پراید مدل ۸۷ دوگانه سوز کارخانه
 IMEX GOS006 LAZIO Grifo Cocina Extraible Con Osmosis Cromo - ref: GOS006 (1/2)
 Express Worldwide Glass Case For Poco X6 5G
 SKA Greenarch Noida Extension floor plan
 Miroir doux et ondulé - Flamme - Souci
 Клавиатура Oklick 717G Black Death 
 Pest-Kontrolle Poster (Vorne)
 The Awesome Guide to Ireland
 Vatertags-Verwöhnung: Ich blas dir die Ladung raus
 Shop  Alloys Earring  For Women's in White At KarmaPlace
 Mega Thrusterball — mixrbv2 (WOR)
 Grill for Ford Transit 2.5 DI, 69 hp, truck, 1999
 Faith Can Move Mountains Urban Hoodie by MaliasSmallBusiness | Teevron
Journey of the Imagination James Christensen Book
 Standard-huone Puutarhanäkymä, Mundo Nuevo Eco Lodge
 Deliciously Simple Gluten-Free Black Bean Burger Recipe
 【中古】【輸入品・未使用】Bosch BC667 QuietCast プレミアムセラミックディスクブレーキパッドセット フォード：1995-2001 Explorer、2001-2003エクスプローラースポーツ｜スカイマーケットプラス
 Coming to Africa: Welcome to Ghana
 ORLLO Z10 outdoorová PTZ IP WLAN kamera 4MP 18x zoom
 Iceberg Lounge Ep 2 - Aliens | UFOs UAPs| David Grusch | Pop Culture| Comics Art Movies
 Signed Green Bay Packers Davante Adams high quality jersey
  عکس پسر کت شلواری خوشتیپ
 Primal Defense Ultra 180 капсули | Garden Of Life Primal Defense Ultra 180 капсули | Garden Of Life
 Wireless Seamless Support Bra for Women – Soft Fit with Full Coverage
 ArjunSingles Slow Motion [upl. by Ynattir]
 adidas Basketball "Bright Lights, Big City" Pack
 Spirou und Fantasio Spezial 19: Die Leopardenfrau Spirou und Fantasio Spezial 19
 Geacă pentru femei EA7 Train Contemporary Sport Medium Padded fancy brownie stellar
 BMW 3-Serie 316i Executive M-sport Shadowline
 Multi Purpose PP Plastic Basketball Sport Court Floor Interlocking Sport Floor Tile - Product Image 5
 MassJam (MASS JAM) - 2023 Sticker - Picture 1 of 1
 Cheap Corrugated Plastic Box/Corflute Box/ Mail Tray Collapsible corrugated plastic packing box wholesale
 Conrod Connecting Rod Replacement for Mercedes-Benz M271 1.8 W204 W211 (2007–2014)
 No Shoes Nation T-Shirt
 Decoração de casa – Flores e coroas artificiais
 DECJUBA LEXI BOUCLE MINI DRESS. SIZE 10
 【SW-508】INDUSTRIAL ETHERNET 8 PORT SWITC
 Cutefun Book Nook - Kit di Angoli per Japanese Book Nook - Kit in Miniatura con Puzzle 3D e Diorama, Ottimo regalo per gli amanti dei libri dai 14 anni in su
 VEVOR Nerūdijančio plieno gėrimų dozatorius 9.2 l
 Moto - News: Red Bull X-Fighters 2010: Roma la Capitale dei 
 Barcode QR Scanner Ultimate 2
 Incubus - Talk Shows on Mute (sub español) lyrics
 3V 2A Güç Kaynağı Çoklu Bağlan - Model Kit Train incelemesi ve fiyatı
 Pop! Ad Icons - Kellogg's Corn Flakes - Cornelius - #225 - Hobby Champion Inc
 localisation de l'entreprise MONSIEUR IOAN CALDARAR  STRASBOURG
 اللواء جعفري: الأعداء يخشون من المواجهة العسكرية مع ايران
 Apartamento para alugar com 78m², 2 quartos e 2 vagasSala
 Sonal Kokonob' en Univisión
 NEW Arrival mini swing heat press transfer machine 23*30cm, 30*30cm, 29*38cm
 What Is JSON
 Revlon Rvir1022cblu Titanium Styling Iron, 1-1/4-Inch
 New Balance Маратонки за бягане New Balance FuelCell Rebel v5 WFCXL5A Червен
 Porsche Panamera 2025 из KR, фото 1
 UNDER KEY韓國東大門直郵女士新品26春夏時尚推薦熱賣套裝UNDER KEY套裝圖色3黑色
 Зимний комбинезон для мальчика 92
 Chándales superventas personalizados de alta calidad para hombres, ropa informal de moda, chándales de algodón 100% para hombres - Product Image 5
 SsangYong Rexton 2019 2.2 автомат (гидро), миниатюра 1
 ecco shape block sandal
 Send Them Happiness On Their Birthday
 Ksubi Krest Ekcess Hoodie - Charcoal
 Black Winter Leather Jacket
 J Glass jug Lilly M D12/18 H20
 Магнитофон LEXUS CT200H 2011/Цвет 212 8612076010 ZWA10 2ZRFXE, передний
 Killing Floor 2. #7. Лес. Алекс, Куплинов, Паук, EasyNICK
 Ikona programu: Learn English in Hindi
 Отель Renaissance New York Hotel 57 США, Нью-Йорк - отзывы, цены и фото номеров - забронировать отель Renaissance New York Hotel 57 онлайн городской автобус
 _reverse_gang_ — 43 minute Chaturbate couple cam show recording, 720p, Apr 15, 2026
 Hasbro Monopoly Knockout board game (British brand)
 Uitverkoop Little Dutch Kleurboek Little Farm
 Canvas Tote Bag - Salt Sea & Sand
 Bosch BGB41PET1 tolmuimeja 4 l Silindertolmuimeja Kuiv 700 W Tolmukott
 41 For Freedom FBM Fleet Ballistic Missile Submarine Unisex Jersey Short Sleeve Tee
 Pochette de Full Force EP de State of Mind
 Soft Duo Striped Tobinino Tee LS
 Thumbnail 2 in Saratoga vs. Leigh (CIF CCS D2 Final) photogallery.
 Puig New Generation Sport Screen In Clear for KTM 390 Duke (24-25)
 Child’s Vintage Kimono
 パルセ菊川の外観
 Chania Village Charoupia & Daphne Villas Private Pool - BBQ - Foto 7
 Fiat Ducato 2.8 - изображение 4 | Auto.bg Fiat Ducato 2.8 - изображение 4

○ ○ ○ ○ ○ ○ ○

→ Problem to solve: Respond with an exact reproduction of the lines running from the one that contains "Child’s Vintage Kimono" through the end of the material.

→ Response area:
 Child’s Vintage Kimono
 パルセ菊川の外観
 Chania Village Charoupia & Daphne Villas Private Pool - BBQ - Foto 7
 Fiat Ducato 2.8 - изображение 4 | Auto.bg Fiat Ducato 2.8 - изображение 4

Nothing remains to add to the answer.